I wonder how many times the average professional baseball player throws a baseball in their lifetime. I wonder, who has publishing rights to the book of love? I wonder if I'll be at this company for more than 5 years. 10? I wonder about Tony, where he could be, who he is with, what is he thinking, is he thinking of me, and whether he'll ever return some day. |
As I walk along,
I wonder what went wrong, With our love, a love that was so strong. And as I still walk on, I think of the things we've done Together, a-while our hearts were young.
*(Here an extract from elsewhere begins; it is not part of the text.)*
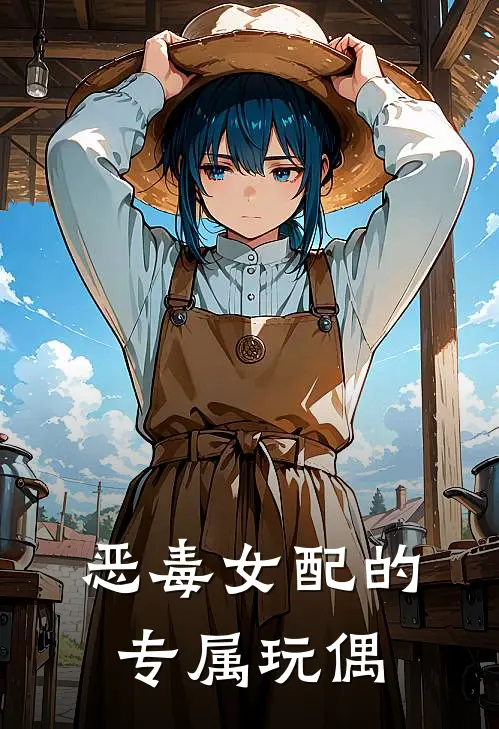 恶毒女配的专属玩偶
I'm a-walkin' in the rain, Tears are fallin' and I feel the pain, Wishin' you were here by me, To end this misery And I wonder-- I wah-wah-wah-wah-wonder, Why, Why, why, why, why, why she ran away, Yes, and I wonder, A-where she will stay-ay, My little runaway, Run, run, run, run, runaway. I'm a-walkin' in the rain, Tears are fallin' and I feel the pain, Wishin' you were here by me, To end this misery And I wonder-- I wah-wah-wah-wah-wonder, Why, Why, why, why, why, why she ran away, Yes, and I wonder, A-where she will stay-ay, My little runaway, Run, run, run, run, runaway. Run, run, run, run, runaway. Run, run, run, run, runaway. |
I wonder what will happen next
I wonder how much control I really have I wonder if I'm going about it in the right way I wonder how much of the world I will really see I wonder if I'll ever figure out what it is I really want I wonder if I do, will it make a difference |
I wonder if I really could have been someone else.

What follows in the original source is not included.